Bulan Ramadlan, semua umat Islam memandang sebagai bulan suci yang penuh rahmat, pengampunan dan keberkahan. Lazimnya diibaratkan tamu agung yang mesti dihormati. Oke, sepakat. Kita berlomba memetik kebajikan, hidayah, pengampunan di bulan suci ini. 

Jika benar pandangan kita terhadap Ramadlan sebagai tamu, maka sebagai tuan rumah, lazimnya kita mesti berbuat seperti ini:

Pertama, yakin, bahwa tamu itu membawa rezeki. Menghormati tamu dengan keikhlasan penuh sama dengan membuka kans besar nan lebar untuk gerojoknya kucuran rezeki. Ada rezeki nyata enak seperti mendapat uang lebih banyak dan mudah, dan ada rezeki yang tidak nampak tapi sangat diperlukan. Ikuti kisah ini:

Tersebutlah seorang sahabat mulia dan banyak teman berkunjung ke rumah, siang dan malam. Tapi istrinya super cerewet dan tidak suka kepada para tamu, karena ribet, mengganggu dan lain-lain. Sampai akhirnya, sang sahabat tersebut sowan ke Nabi mengadukan ulah sang istri. Nabi menasihati: gini saja, ketika teman kamu nanti ada kunjung ke rumah, hormati dia sebaik mungkin. Lalu, ketika pamit pulang, ajaklah istrimu mengantarkannya keluar, sekali ini saja. Jangan lupa, ajak dia. 

Semua dipatuhi sesuai perintah dan sang istri patuh.
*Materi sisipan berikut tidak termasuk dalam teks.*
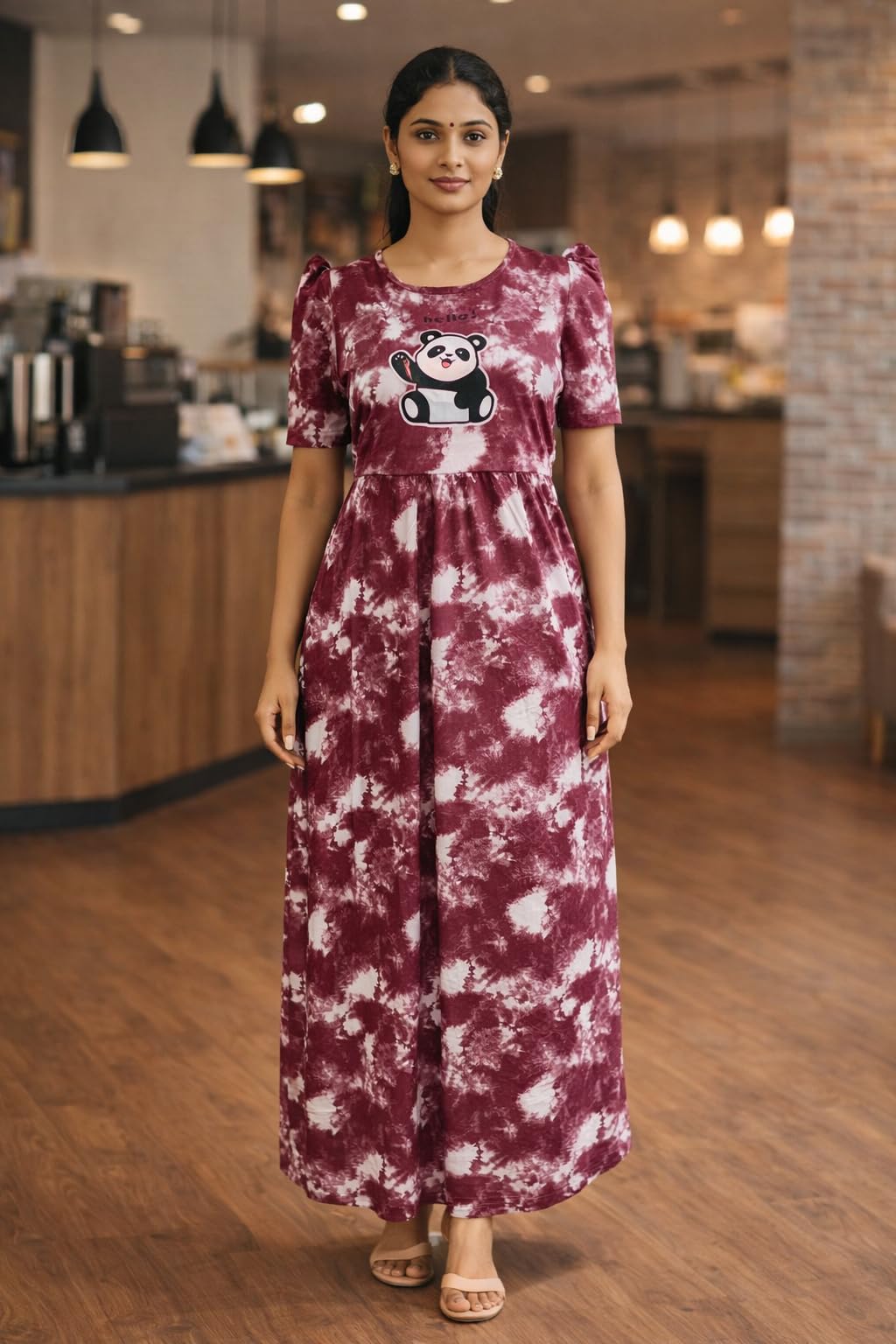 Women's Maternity Feeding Maxi zipless,Lounge wear, zipless Feeding Nightdress,Nursing Maxi Dress,Cotton Kaftan Nighty,Feeding Cotton Nighty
Subhanallah, saat sang istri mendampingi suami melepas kepulangan si tamu, dia tertegun dan hampir jatuh pingsan. Ada apa sayang? Sang istri cerewet tiba-tiba beruba menjadi santun dan lembut. "Aku melihat binatang-binatang berbahaya, ada kalajengking, kelabang, ular, dan lain-lain pada keluar dari rumah mengikuti langkah sang tamu dari belakang".

Sejak itu, si istri pemarah berubah menjadi peramah. Artinya, sambi kolo lan moroboyo, penyakit dan kesialan tersedot oleh kerahmatan sang tamu. Artinya, andai ada takdir buruk, andai ada dosa-dosa kecil mengganggu dan mengambat ibadah, maka semua itu bisa sirna karena ketulusan menjamu tamu. Puasalah secara tulus, atas dasar keimanan (imana) dan murni hanya karena Allah semata (ihtisaba), kalian akan lebih sehat dan terampuni.

Kedua, muslim yang baik pasti mengutamakan tamunya, ketimbang diri sendiri dan keluarga. Seorang sahabat miskin tak punya makanan malam itu, kecuali hanya cukup untuk satu orang. Tapi dia siap menjamu tamu yang direkomendasi Rasulullah SAW.

Setibanya di rumah, sempat adu mulut dengan istri karena memang benar-benar tak ada makanan, kecuali hanya itu. Iki piye and piye iki..?. Lalu, keduanya rela dan sepakat membuat trik cantik.
Lampu di ruang makan sengaja dimatikan dengan alasan tertentu, gelap dan gelap. Satu piring berisi makanan disuguhkan ke tamu, sementara tuan rumah menghadap piring kosong, sembari mempersilakan dan pura-pura makan. Usai jamuan, piring-piring dimasukkan ke dalam dan lampu baru dinyalakan. 

Paginya, usai jamaah subuh, nabi tersenyum dan berpidato mengomentari apa yang dilakukan sahabat mulia semalam. Allah SWT kagum dan sangat senang, Nabi-Nya juga kagum dan mendoakan keberkahan. Sabahat itu, akhirnya berkecukupan rezeki dan keluarganya berbarakah. Mau rezeki tambah barakah, sedekahlah sebanyak mungkin, seikhlas mungkin di bulan Ramadhan.

Ketiga, dapat memetik hidayah di bulan ramadlan adalah idaman bagi setiap orang beriman. Jika tidak, wah.. mohon koreksi diri. Ada apa dengan diri kita. Ibarat orang sakit, meskipun dia lama lapar, tapi dia tidak ingin menikmati makanan kesukaan. Maka, beristighfarlah.